In the loss of their sheep the Navahos suffered also a loss of status, for the owner of a large herd could be generous to his many helpers. Now he was little better off than the others. Deprivation occurred too, because most Navahos felt that something had gone wrong, and people were no longer behaving in the traditional way: for example, Navahos with reduced herds were not as generous as formerly. Still another kind of deprivation they suffered was in their sense of worth. As their contact with the whites increased, the Navahos began to feel inferior because, for instance, they ate such “bad” food as prairie dogs.
Many Navahos reacted by becoming members of the Peyote cult. There has been considerable misunderstanding about this cult, which would eventually from the Navaho experience be incorporated as the Native American Church of North America. Peyote is a small cactus that grows in southern Texas and the northern half of Mexico. When the flesh, or root of this plant is eaten, it produces physical effects due to its morphine and strychnine-like constituents, and in most users it produces visions. Many white people believe that the prime appeal of peyote is the pleasurable experience it provides, or its addictive quality. But there is no bliss in the taking of peyote: apparently the taste is bitter and nauseating and the anxiety and depression overwhelming. It has no comparison with the relief from care provided by opiates and alcohol. Nor is it addictive. The taking of peyote is strictly a ritualized religious act, in which the individual experiences direct communication with supernatural forces.

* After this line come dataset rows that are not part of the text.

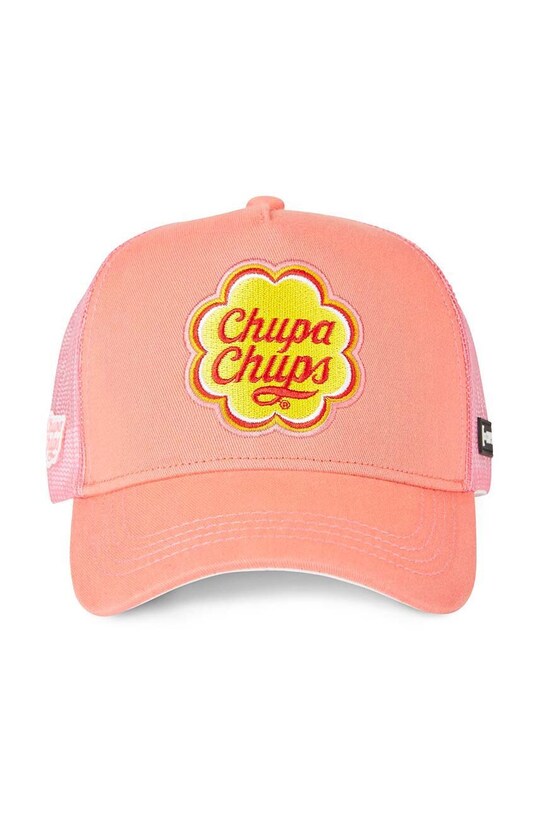 Capslab sapca CHUPA CHUPS CL.CC1.2.CAS.CC10 roz ZA00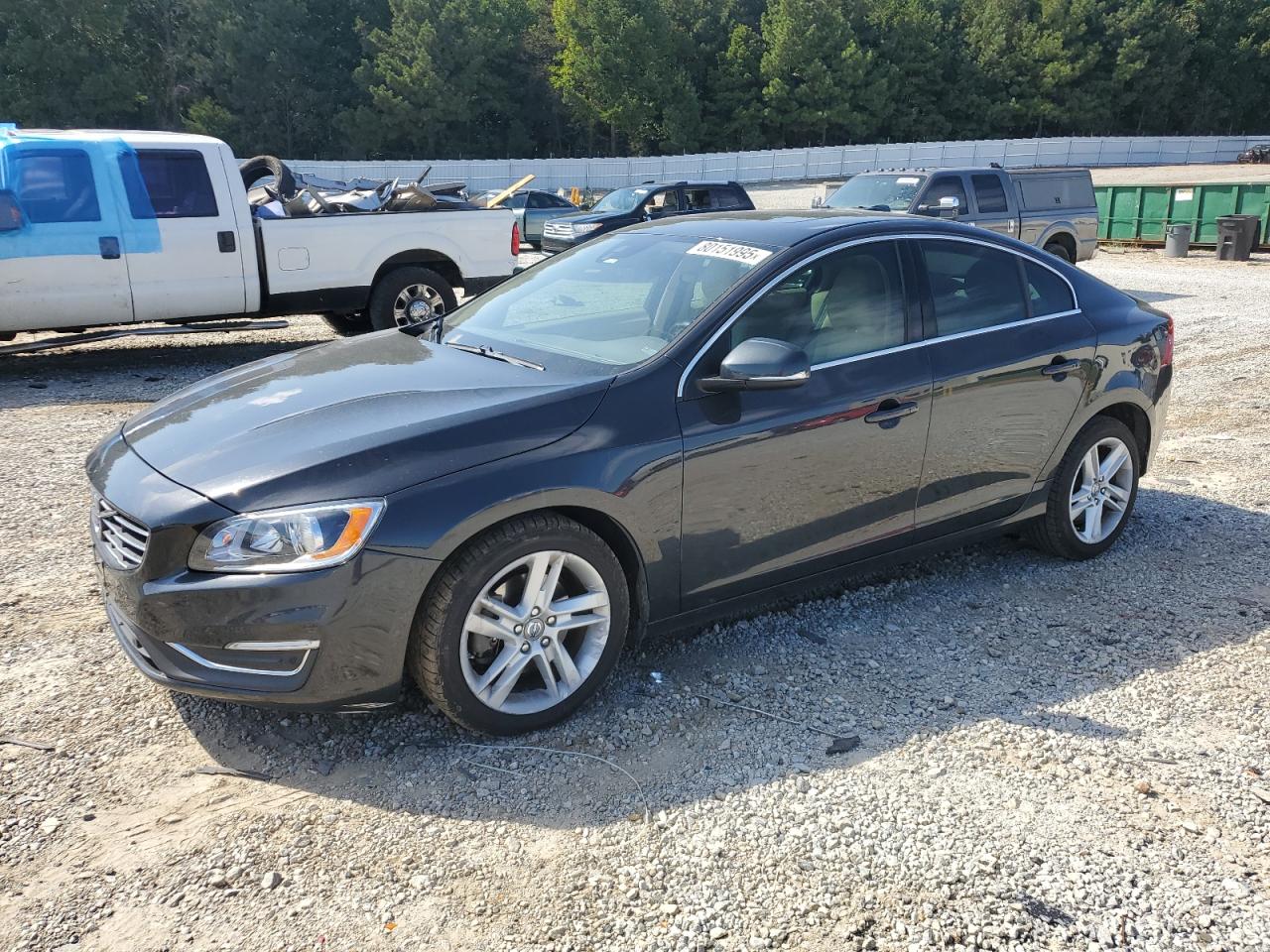 2015 Volvo S60 premie PREMIER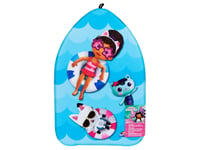 Swimways Sww Spp Gabby Kickboard Intl Gml, Flerfärgad, Simbräda, Barn, Kvinna, 5 År, Gabby's Dollhouse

Like other millenarian cults, Peyote, which at one time was the main religion among at least fifty major groups of Native Americans, preaches a moral code of peace and harmony. But, it provides special gifts that compensated for their lack of economic well being and status. The white man has the Bible and learning- but through peyote the Indian has direct access to God and to revelation. Peyotism makes the Indian the equal of the white, and sometimes his superior, in finding ways to obtain rewards. That is probably the primary appeal of peyote among the Navahos. It enabled the user to foresee the plans of the United States government and also to seek new wealth through supernatural help.